Making a variety of templates.
I was brainstorming different ways to make this happen. Regular glasses weren’t going to be stylized enough. and if I DID find oversized glasses that were cool enough, I didn’t know if my budget would allow me to buy enough for every model. This idea was dismissed. As I reverted back to brainstorming DIY methods, I crossed several of my regularly used materials off the list: fabric, leather, interfacing, buckram, etc. Nothing would produce the results I wanted. I remembered I had a huge sheet of PVC signage plastic leftover from a previous creative endeavor, but it’s so far out of my comfort zone that I didn’t want to use it. Eventually, I faced the fact that it was the only material that I had at least had SOME experience with that would create these oversized glasses that I wanted for my collection’s debut at Omaha Fashion Week.
Figuring out template layout to keep waste to a minimum.

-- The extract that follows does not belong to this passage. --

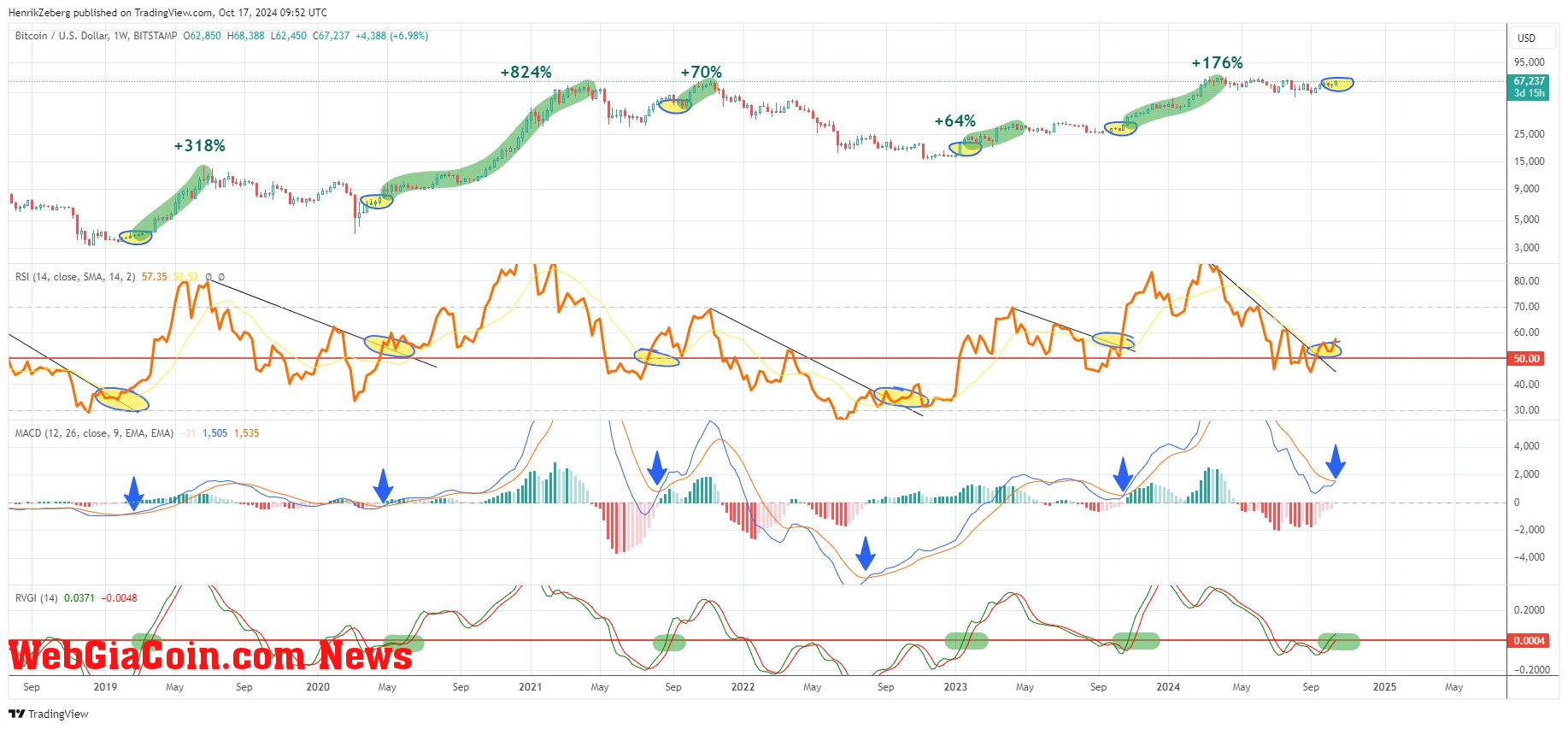 Bitcoin weekly chart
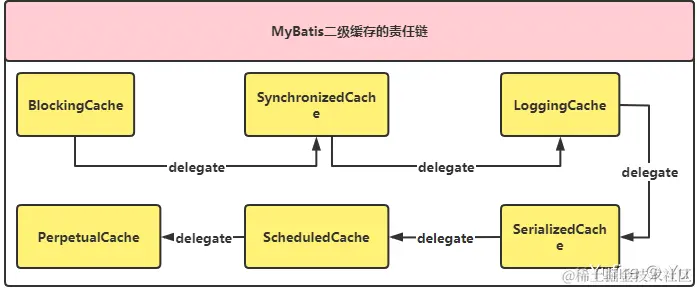 image-20210702163644823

The reason I was so hesitant to use this plastic is because the tools I’d use on it aren’t my normal tools. During normal projects I use: a domestic sewing machine, an industrial sewing machine, an overlock machine, and iron, hand-sewing needles, scissors, and maybe some pliers. Tools needed for this project: a hot cutting knife, sandpaper, a power drill, sandpaper, more sandpaper……and zero sewing machines! WHAT?!
Using the hot knife to melt/cut the glasses outline.
Turning non-functional sunglasses into non-functional reading glasses.
I think it wasn’t until I had a few fully completed glasses that I finally relaxed and thought “Sweet! These are runway accessories that are actually feasible!”
POWER drill. Using the POWER.
I already had to drill holes into the plastic to thread the elastic through, so I thought it’d be cute to add a button on each side for a touch of color. Then each pair of glasses would match its corresponding outfit perfectly! Monoprismatic is very matchy-matchy.
Attaching the elastic cording and colored button.
While I got pretty good at making these glasses by the twelfth pair, I’m no PVC plastic expert. It’s a material that I CAN use, but only when necessary. The glasses are wearable, but somewhat uncomfortable after awhile. My models are troopers. I just wanted to share my experience of working well out of my comfort zone. As a costumer, I do this quite often, but I don’t normally document it and say “Look at me! I only kinda/sorta know what I’m doing here!” But really, I only kinda/sorta know what I’m doing here.